Here is more information about the direct, if not well-known, connection between these two manuscripts, from the Linda Hall Library‘s online exhibition Out of This World: The Golden Age of the Celestial Atlas:

After the initial edition of 1499, the Phaenomena of Aratus, along with its three classical commentaries, was regularly reprinted, but usually as part of a package that included Hyginus’s Poeticon, the Sphere of Proclus, and other ancient astronomical writings. But in 1600 Hugo Grotius published a beautiful edition of the Aratea alone. His book was the direct result of his acquisition of an exquisitely illuminated ninth-century manuscript of Aratus, in the Germanicus Caesar version. Grotius called on the notable engraver Jacobus De Gheyn to convert the manuscript paintings into engravings, and these were incorporated into the printed book. Not only are these the finest constellation figures printed to date, but they would have a long-lasting influence on celestial iconography, since De Gheyn’s engravings served as inspiration, and occasionally as explicit models, for many of the constellation figures in Bayer’s Uranometria.

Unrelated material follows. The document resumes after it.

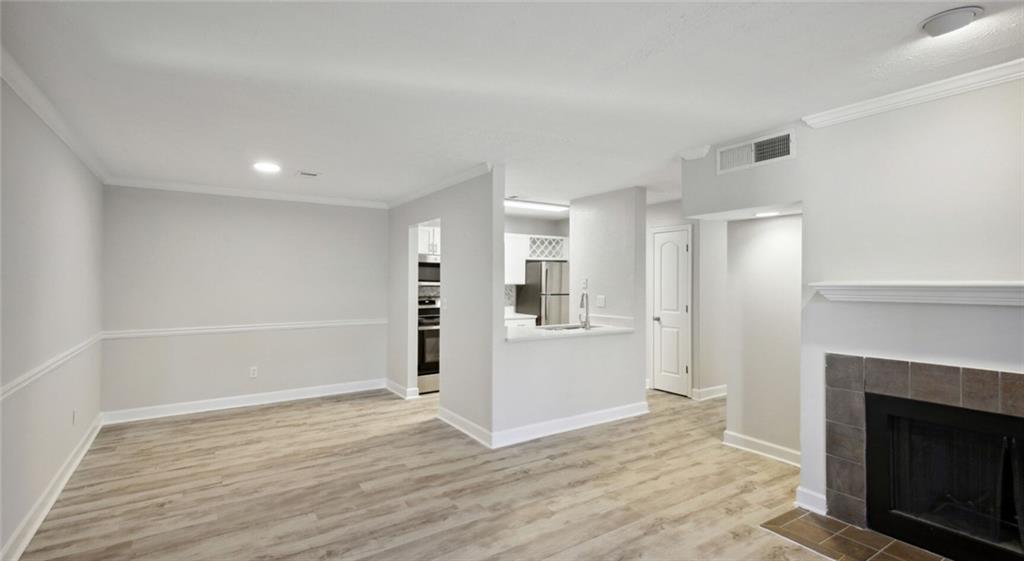 100 Pinhurst Drive, Unit 1124L Atlanta, GA 30339 - Photo 5 of 37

Many modern commentators seem unaware of the role played by the ninth-century manuscript, for it is often said that the De Gheyn illustrations were based on the woodcuts in the 1482 edition of Hyginus, and this is simply not true. The Aratus manuscript owned by Grotius survives to this day; it is one of the treasures of the Reijksuniversitet in Leiden, and it is known to scholars as MS Voss. lat. Q79.